Алексей ничего ей не ответил. Он обнял Веру, положил её голову к себе на руку. Снег падал и падал на их горячие лица, на тулуп, которым они укрылись, на сено, ещё пахнувшее полем, теплом и летом, лежавшее в санях.

Неожиданно лошадь остановилась. Над головой раздался голос Волгина:

— Поднимайсь! Мы у развилки, товарищ Дарнев.

Они выбрались из саней. Пора расставаться. Наступал рассвет. Ветер и метель стихали.

Друзья простились. Вера и Литвин с подводчиками поехали в Трубчевск, а Дарнев и Сергей с новым отрядом в тридцать человек на подаренных колхозом десяти подводах, с запасом продовольствия тронулись на базу.

Десну перешли, когда совсем уже рассвело. Впереди был лес.

Каждый из молодых партизан смутно ощущал, что вступление в лес есть вступление в новую жизнь. Здесь, в этом бескрайнем, как море, лесу она только ещё начинается.

В лесу было тихо. Падали крупные снежинки, кружась между сосен… Дышалось легко, пахло мерзлой хвоей, далеко по лесу разносилось эхо санного скрипа и приглушенного говора.

Обоз остановился, когда впереди показались два всадника. В одном из них Волгин узнал Бондаренко. Бондаренко спешился и, с трудом шагая по снегу, подошел к Дарневу, обнял его и поцеловал.

— Поздравляю, Лёша, всех поздравляю! Вести идут впереди вас.

Бондаренко приказал ординарцу вести подводы в лагерь, а сам задержался с новичками, предложил закурить, задал несколько самых обычных вопросов. Люди улыбались, отвечали сдержанно. Постепенно партизаны окружили Бондаренко плотным кольцом, а с ним Дарнева и Волгина.

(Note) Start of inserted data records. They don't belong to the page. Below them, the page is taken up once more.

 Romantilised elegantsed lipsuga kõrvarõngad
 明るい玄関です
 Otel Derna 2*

— Видели теперь, как вражеские мосты взлетают на воздух? — спросил Бондаренко. — Поздравляю вас с первой удачей и с новым боевым отрядом.

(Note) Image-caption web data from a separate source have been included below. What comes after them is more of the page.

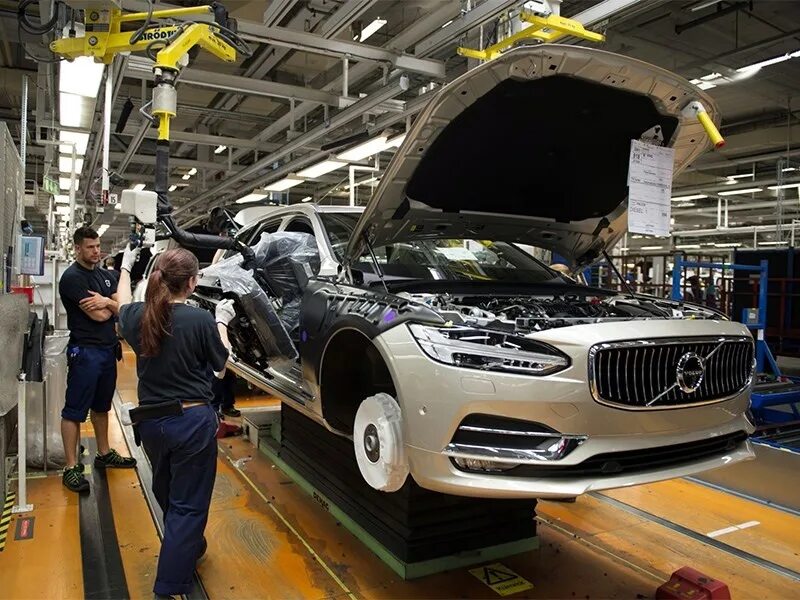 Где выпускают автомобиль. Завод Volvo в Швеции. Конвейер Вольво. Швеция концерн Вольво. Завод Volvo в Швеции Торсланд.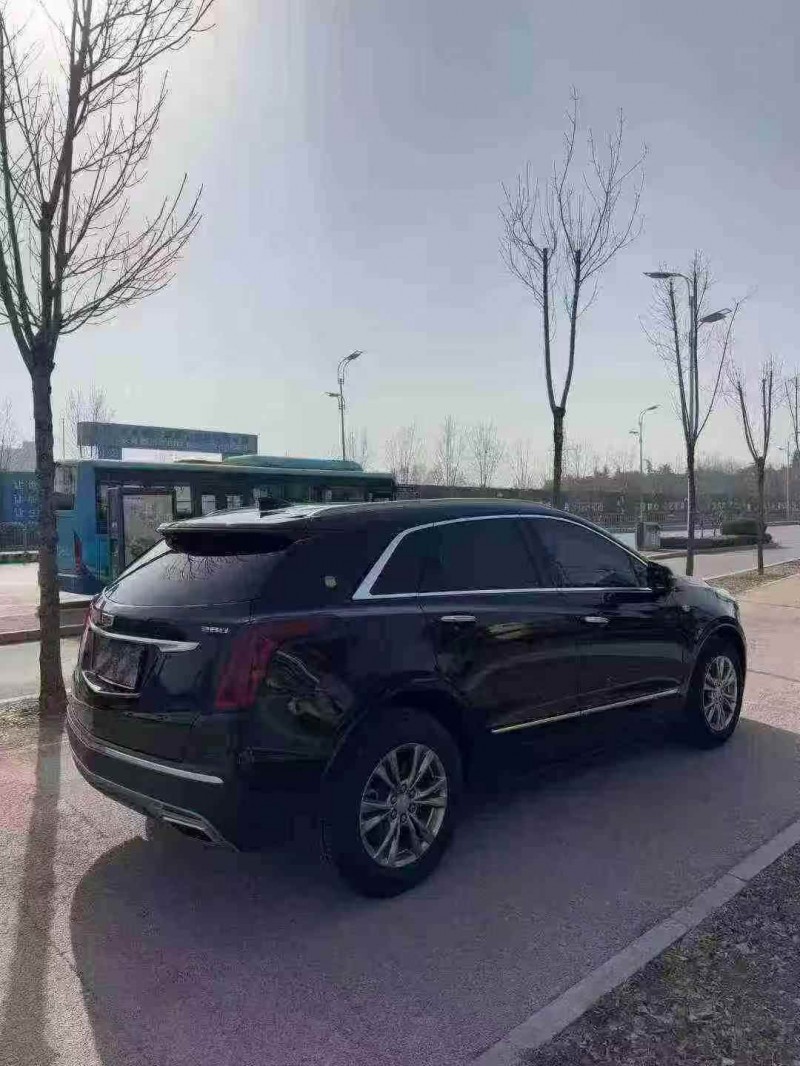 日照20年凯迪拉克XT58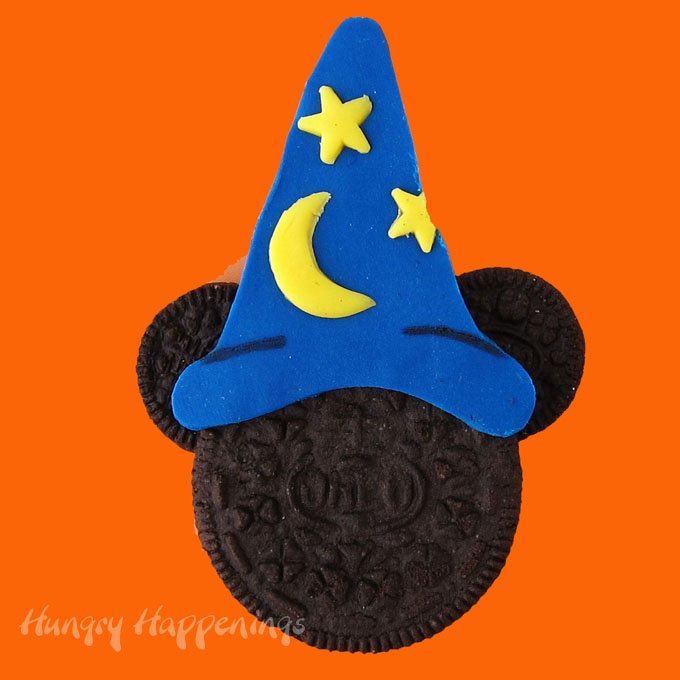 Mickey Mouse Wizard Oreo Cookie for Halloween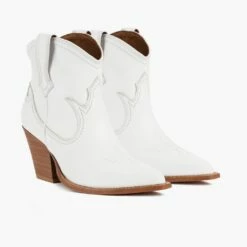Indio | White 11 Indio | White -Thursday Boots Sales 1024x1024 Women Indio White 011222 3.4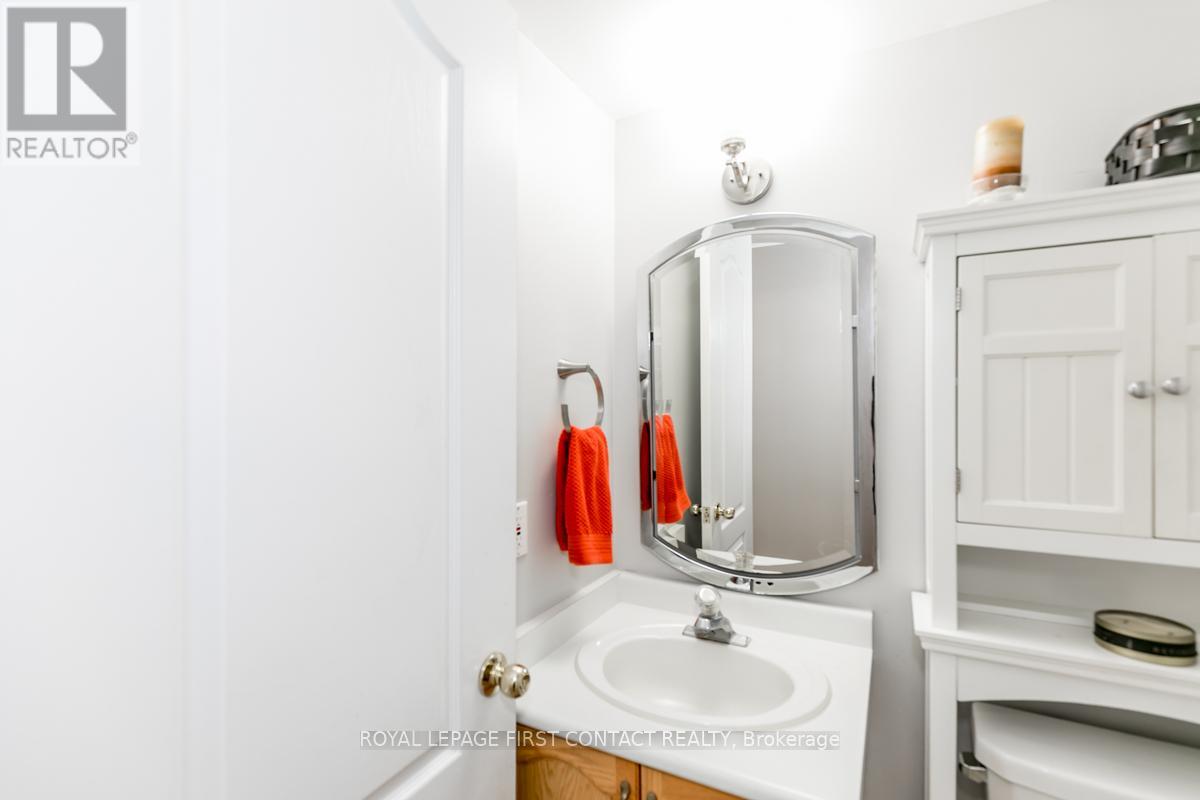 5 Kelly Place, Barrie (Allandale), Ontario  L4N 8N2 - Photo 5 - S13835674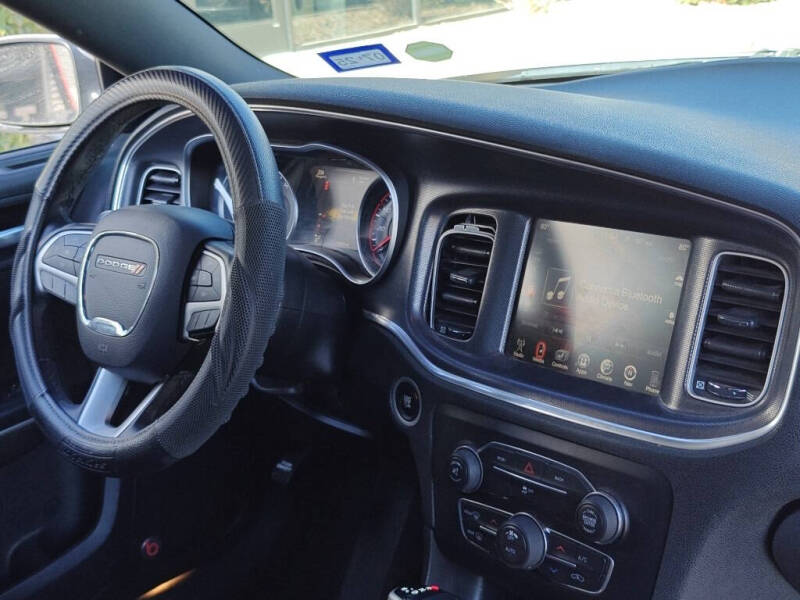 2015 Dodge Charger SXT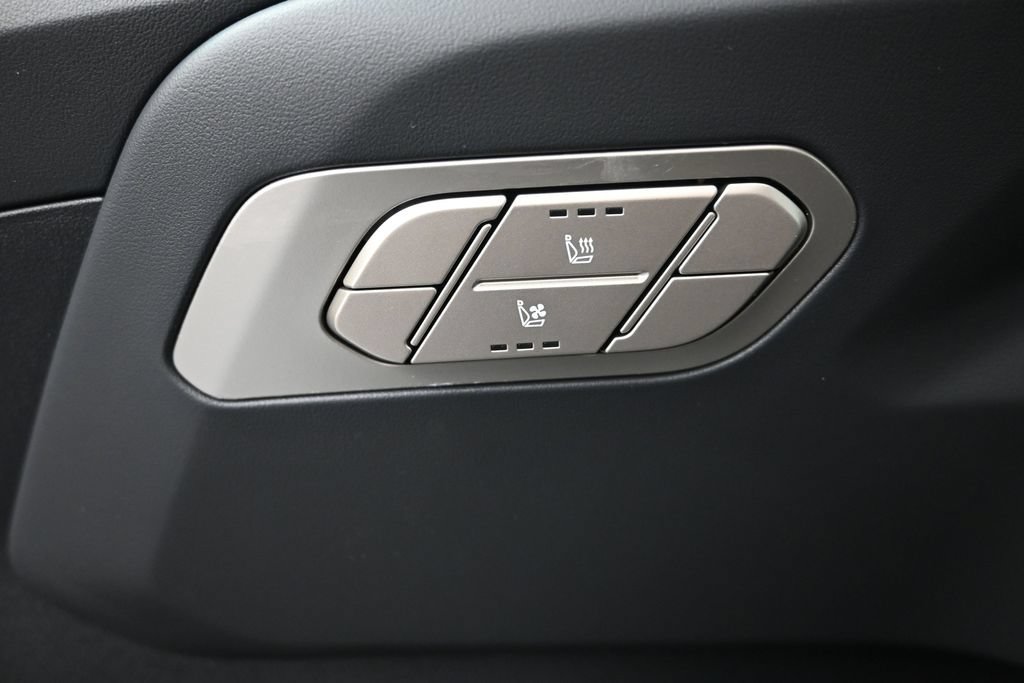New 2027 Kia Telluride EX FWD image 11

— И видели и слышали, — дружно ответили партизаны и прокричали вразброд «ура».

— «Ура»-то у вас пока не получается: отвыкли, видимо, — сказал Бондаренко. — А в командиры кого поставим? Волгин подойдет?

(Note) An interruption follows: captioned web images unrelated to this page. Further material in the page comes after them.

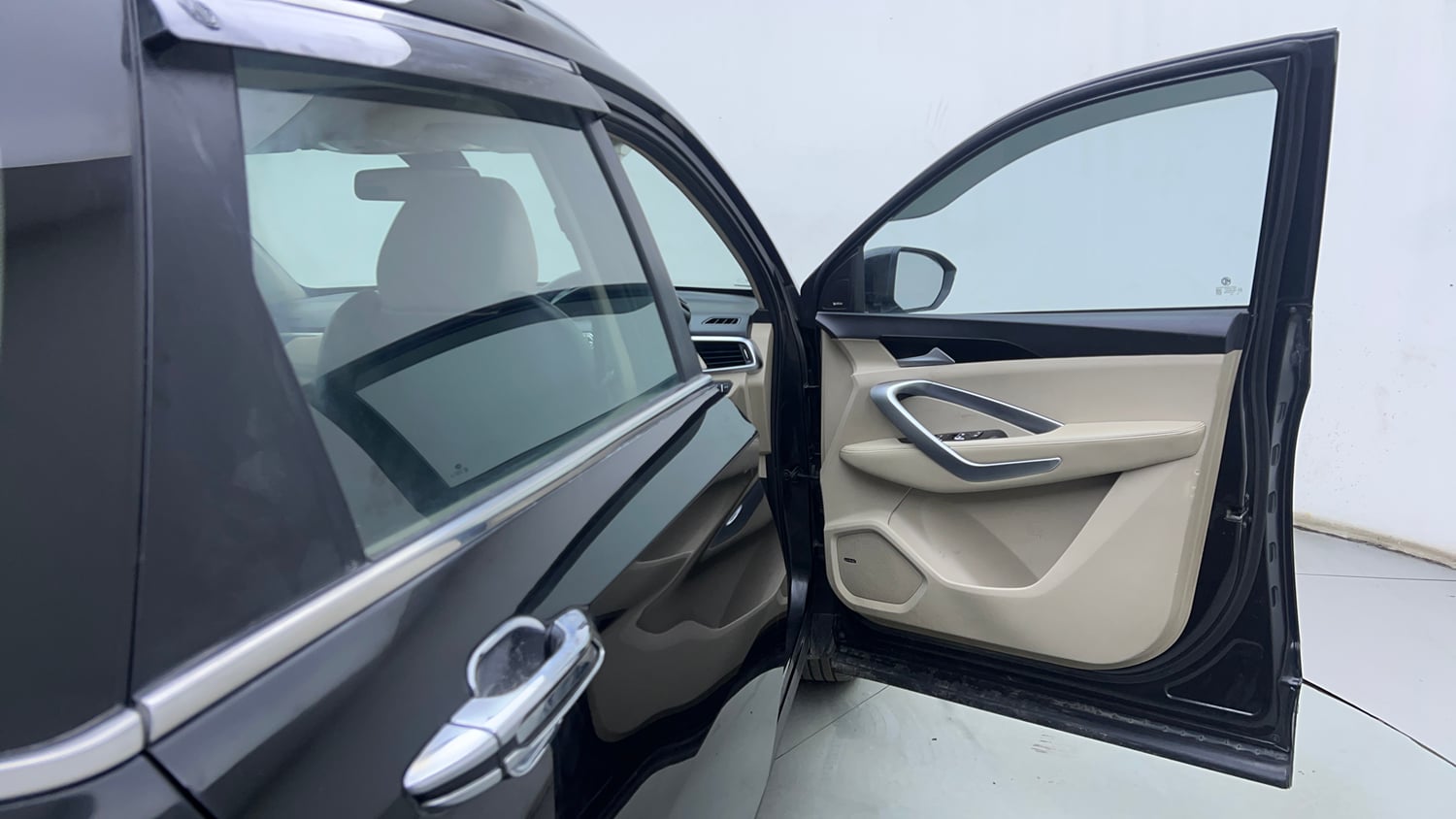 Used 2023 MG Motors Hector Sharp 2.0 Diesel Turbo MT Diesel Manual interior RIGHT FRONT DOOR OPEN VIEW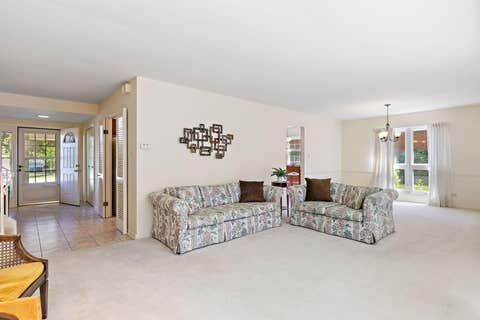 Tiny photo for 1150 Glen Lane, Hoffman Estates, IL 60169 (MLS # 12667659)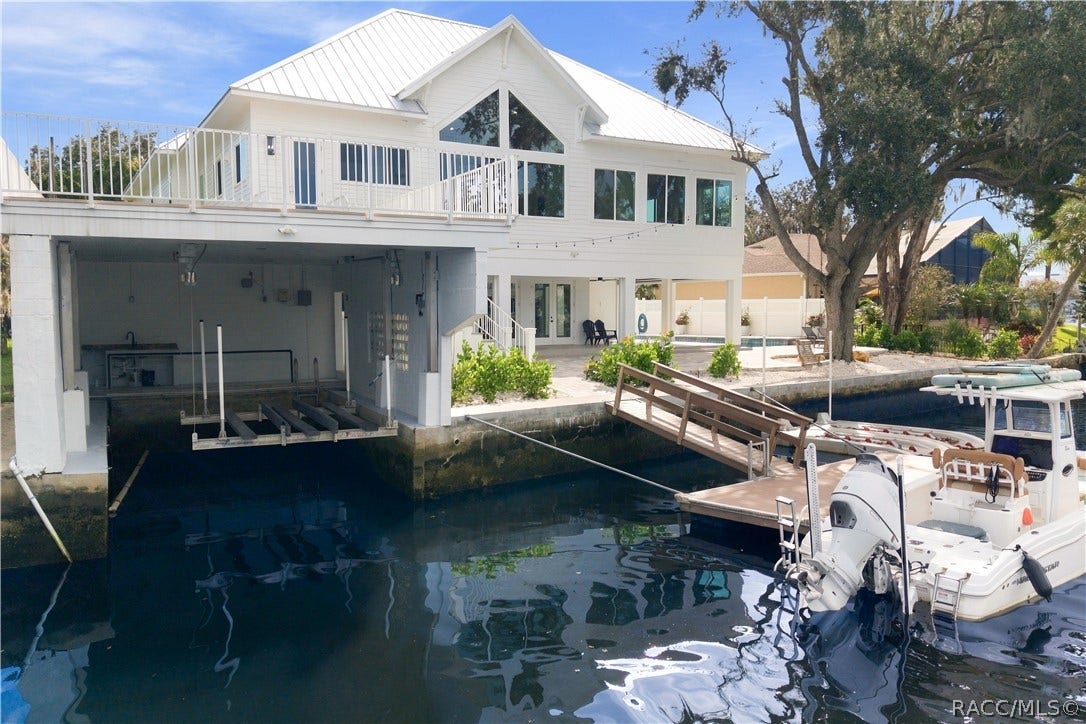 414 NW 8th Avenue, Crystal River, FL 34428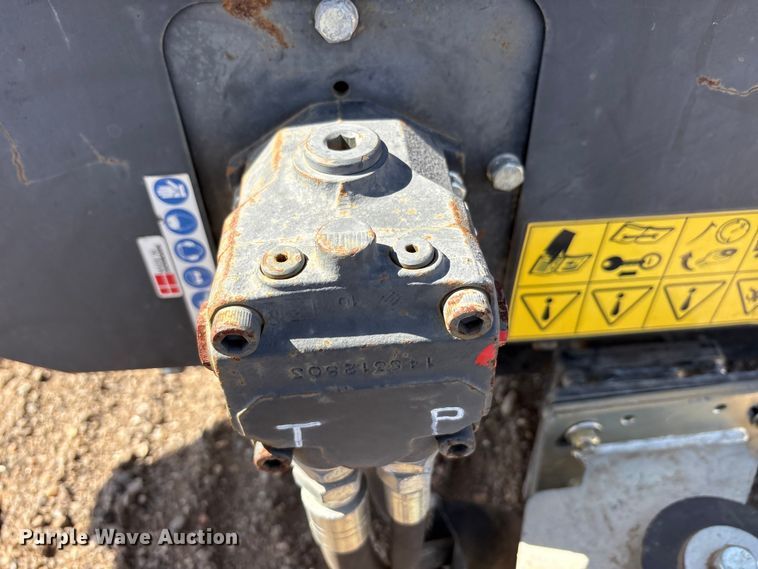 image for item EU0356 2017 Greentec LRS-2401-L skid steer tree saw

— Подойдет! — согласились партизаны. Здесь же решили назвать отряд именем Семена Михайловича Буденного, в честь колхоза, из которого пришло пополнение.

— Приступай к исполнению обязанностей, — сказал Бондаренко.

— Есть приступать! — ответил Сергей и подал команду: — Бросай курить. Строиться!

Бондаренко стоял на тропке и весело глядел на Волгина, на новичков.

Новички наперебой говорили что-то своему командиру, называли его по привычке Сережей.

— Товарищи, зачем по имени? Какой я теперь Сережа? Давайте по-партизански — тоже ведь по-дружески и запросто: «Товарищ командир!» Ясно?

— Ясно.

— Равняйсь! — скомандовал Сергей.

Бондаренко толкнул Дарнева локтем:

— Входит в роль. Пойдем.

— Нале-е-во! За мной шагом… марш!

Отряд дружно взял ногу.

Вскоре отряд имени Буденного получил самостоятельность. Бондаренко поручил Волгину выдвинуться с отрядом в Погару и расширить партизанское движение там.

15

Однажды Бондаренко разрешил юным подпольщикам из Трубчевска прийти в партизанский лагерь. Привел их Дарнев. Вера и девушки принесли партизанам подарки. Одних кисетов, расшитых шелком, более сотни. Принесли из города и белых булок, от которых партизаны давно отвыкли. Но самое важное в этой встрече было то, что молодые подпольщики увидели людей, поддерживавших в народе надежду и веру в будущее.